Преходяй, человече! зде став, да взиравши,
Дондеже в мире сём обитавши:
Зце бо лежит мудрейший отец Епифаний,
Претолковник изящный священных писаний,
Философ и иерей в монасех честный,
Его же да вселит Господь и в рай небесный
За множайшие его труды в писаниях,
Тщанно-мудрословные в претолкованиях
На память ему да будет
Вечно и не отбудет.
 
   — Воистину умилительное надгробие, — согласился Митрофан, — и по заслугам.
   — Истинно по заслугам, ибо коликую войну словесную вёл покойник с пустосвятами! — сказал Стефан Яворский. — Вот хотя бы, к примеру, о таинстве крещения: Никита Пустосвят в своей челобитной обличает Никона за то, будто бы тот не велит при крещении призывать на младенца беса, тогда как якобы церковь повелевает призывать.

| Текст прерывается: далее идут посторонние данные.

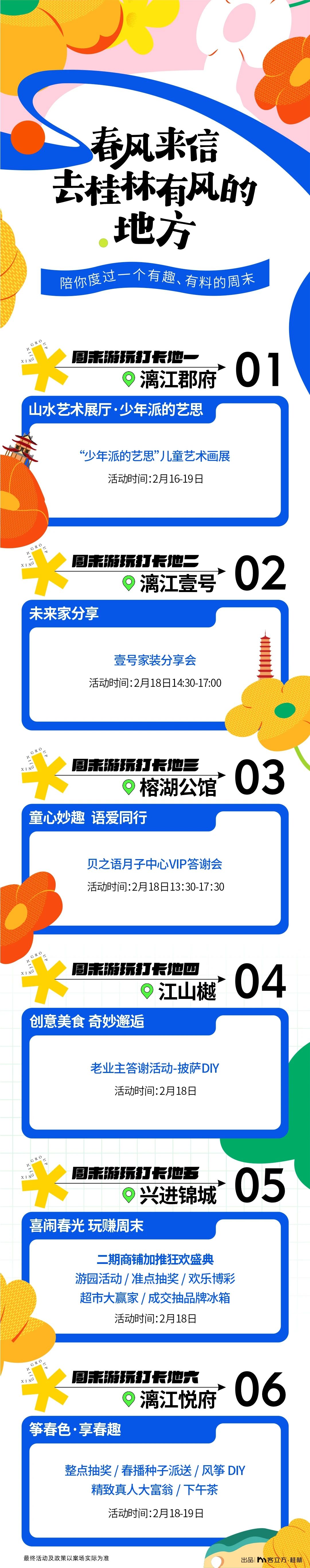 沙巴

   — Как призывать беса на младенца? — удивился Митрофан.
   — В том-то вся и срамота! В обряде крещения, как всякому попу ведомо, возглашает иерей; «Да не снидет со крещающимся, молимся Тебе, Господи, и дух лукавый, помрачение помыслов и мятеж мыслей наводяй».
   — Так, так, — подтвердил Митрофан.
   — А Никита кричит: подай ему беса!
   — Не разумею сего, владыко, — покачал головою Митрофан.
   — Никита так сие место считает: «Молимся Тебе, Господи, и дух лукавый», якобы и к «духу лукавому», к «бесу», относится сие моление. Теперь вразумительно?
   — Нет, владыко, не вразумительно, — смиренно отвечал Митрофан.
   Воронежский святитель не знал церковнославянской грамматики и потому не мог отличить именительного падежа «дух» от звательного, если бы слово «молимся» относилось и к «Господу» и к «духу лукавому» также, то тогда следовало бы говорить, «молимся Тебе, Господи, и душе лукавый». Этого грамматического правила воронежский святитель, к сожалению, не знал. Тогда Стефан Яворский, учившийся богословию и риторике, а следовательно, и языкам в Киево-Могилевской коллегии, и объяснил Митрофану это простое правило:
   — Если бы, по толкованию Никиты Пустосвята, следовало и Господа, и духа лукавого призывать и молить при крещении, тогда подобало бы тако возглашать. «Молимся Тебе, Господи, и душе лукавый»… Вот почему Никита и требует молиться и бесу, а его якобы в новоисправленных книгах хотя оставили на месте, а не велят ему молиться.
   — Теперь для меня сие стало вразумительно, — сказал Митрофан.
   — У сего-то Епифания и Симеон Полоцкий сосал млеко духовное и, по кончине его, выдавал за своё молочко, но токмо оное было «снятое», — улыбнулся Стефан Яворский.
   — Как, владыко, «снятое»? — удивился Митрофан. — Я творения Полоцкого — и «Жезл правления», и «Новую Скрижаль» — чел не единожды и видел в них млеко доброе, а не «снятое».
   — Что у него доброе, то от Епифания, а своё молочко — жидковато… Вот хотя бы препирание сего Симеона с попом Лазарем о «палате».
   — Сие я, владыко, каюсь, запамятовал, — смиренно признался воронежский святитель, — стар и немощен, потому и память мне изменяет.